- _EXERCISE REQUIREMENTS_
Please copy the lines below, exactly as they are, from the one with "Las mejores imágenes" through the one with "this is how", and leave out the pictures.

++++++++++

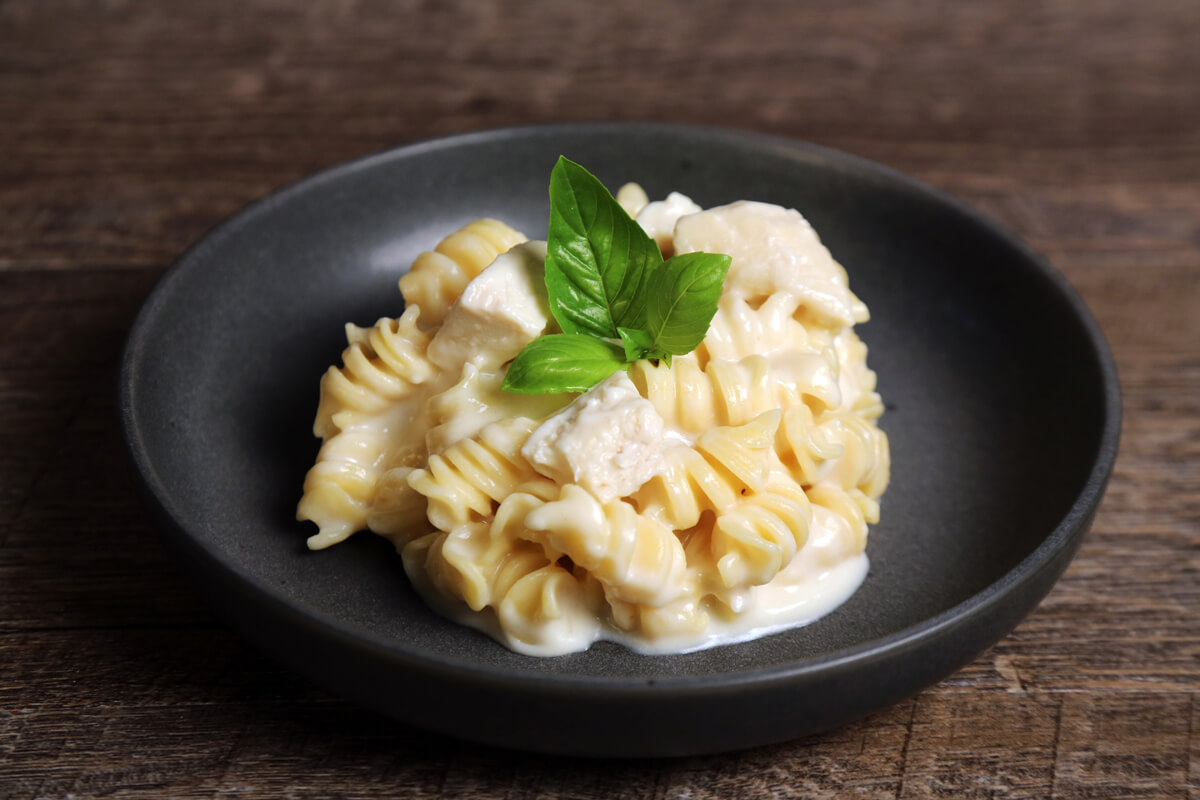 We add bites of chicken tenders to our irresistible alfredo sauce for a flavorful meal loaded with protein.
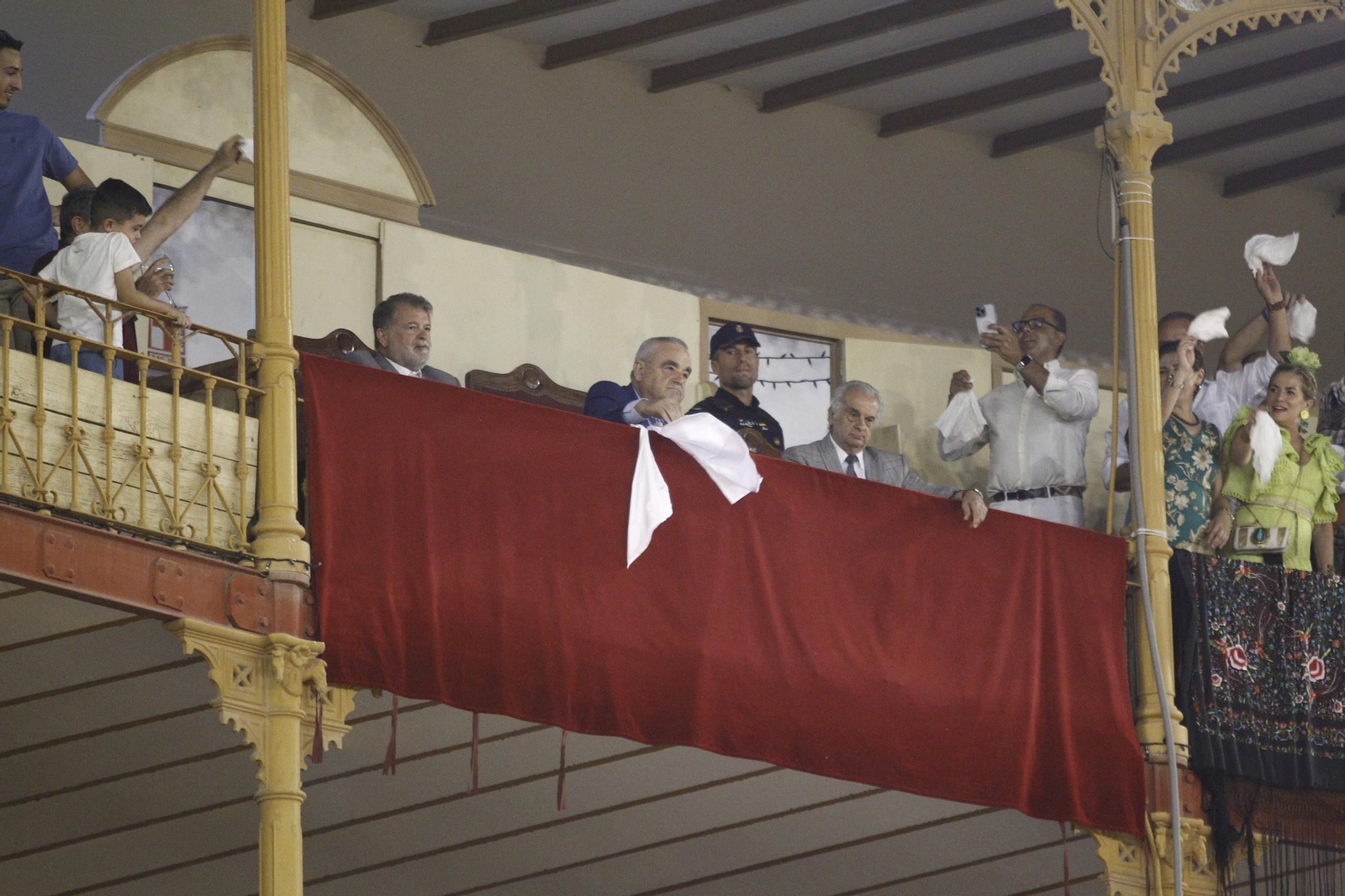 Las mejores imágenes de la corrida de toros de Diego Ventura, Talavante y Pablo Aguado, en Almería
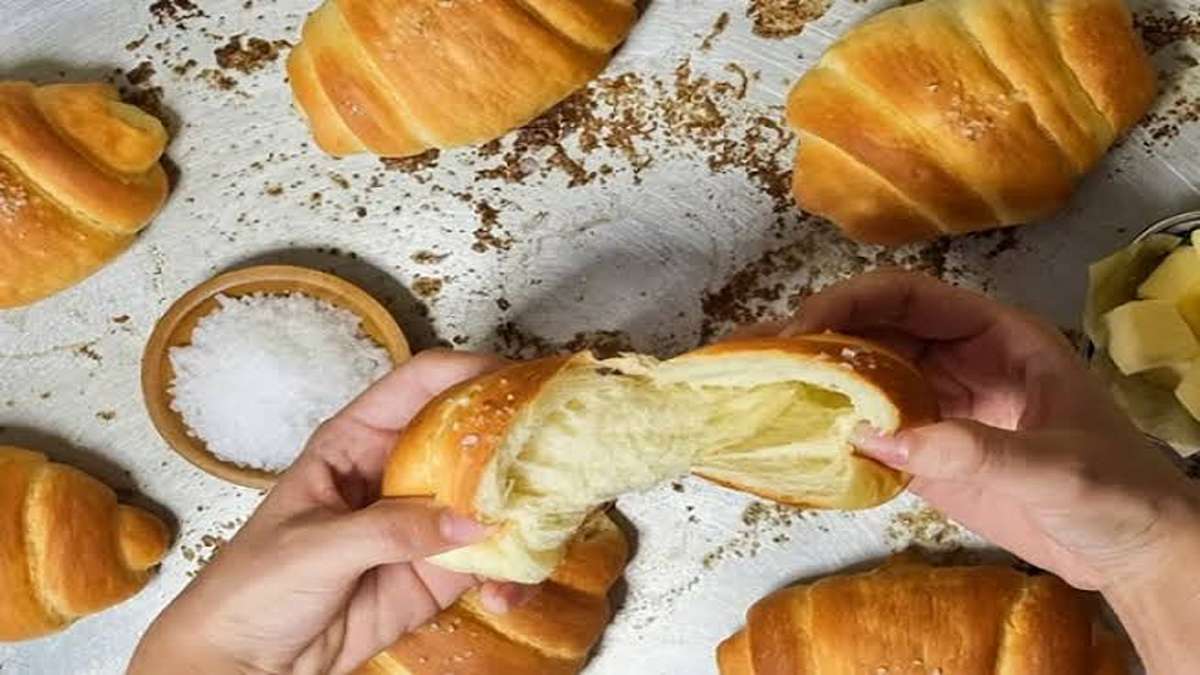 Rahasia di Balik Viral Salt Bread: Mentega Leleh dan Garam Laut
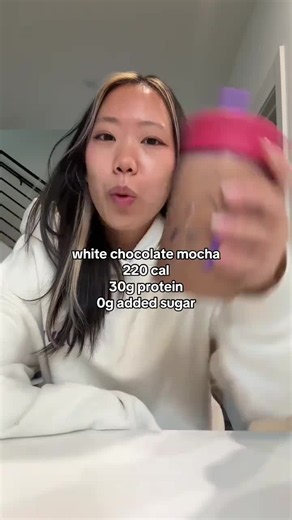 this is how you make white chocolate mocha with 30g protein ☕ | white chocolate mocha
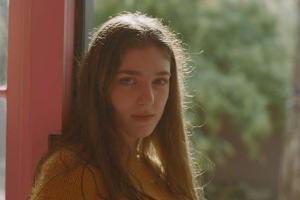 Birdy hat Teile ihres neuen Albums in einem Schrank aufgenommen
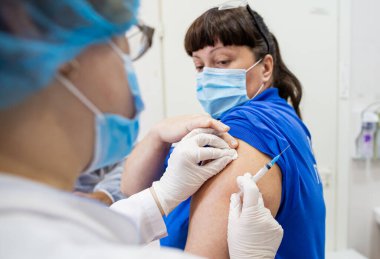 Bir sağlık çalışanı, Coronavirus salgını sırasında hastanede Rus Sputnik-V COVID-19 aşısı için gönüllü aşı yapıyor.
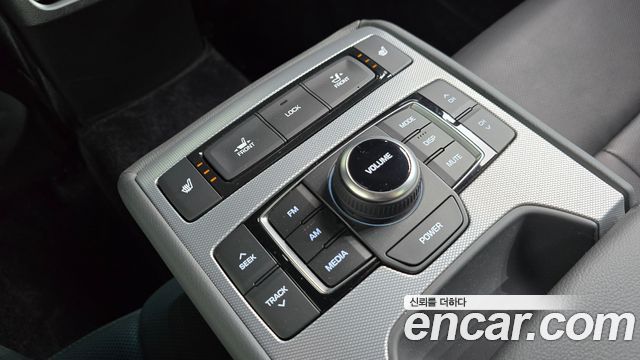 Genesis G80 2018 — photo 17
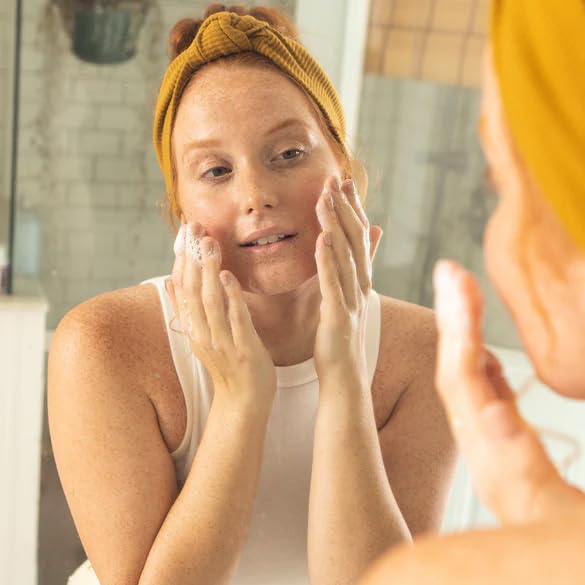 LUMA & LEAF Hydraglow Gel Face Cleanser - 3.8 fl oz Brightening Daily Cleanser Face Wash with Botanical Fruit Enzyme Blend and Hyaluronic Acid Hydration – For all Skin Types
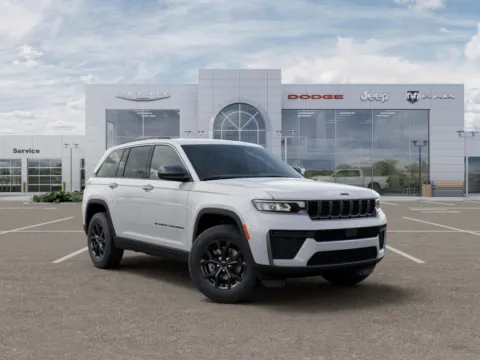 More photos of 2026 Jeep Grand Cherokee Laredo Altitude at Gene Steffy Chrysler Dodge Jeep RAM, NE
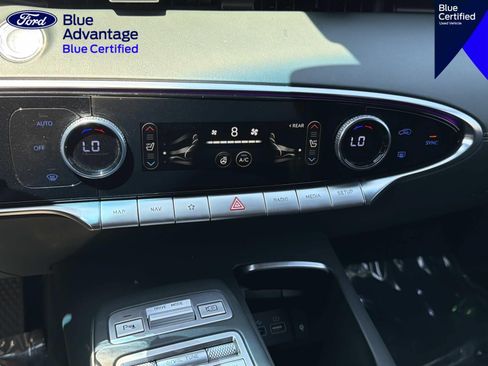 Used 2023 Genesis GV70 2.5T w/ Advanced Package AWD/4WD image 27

++++++++++

- _TASK OUTPUT_
 Las mejores imágenes de la corrida de toros de Diego Ventura, Talavante y Pablo Aguado, en Almería
 Rahasia di Balik Viral Salt Bread: Mentega Leleh dan Garam Laut
 this is how you make white chocolate mocha with 30g protein ☕ | white chocolate mocha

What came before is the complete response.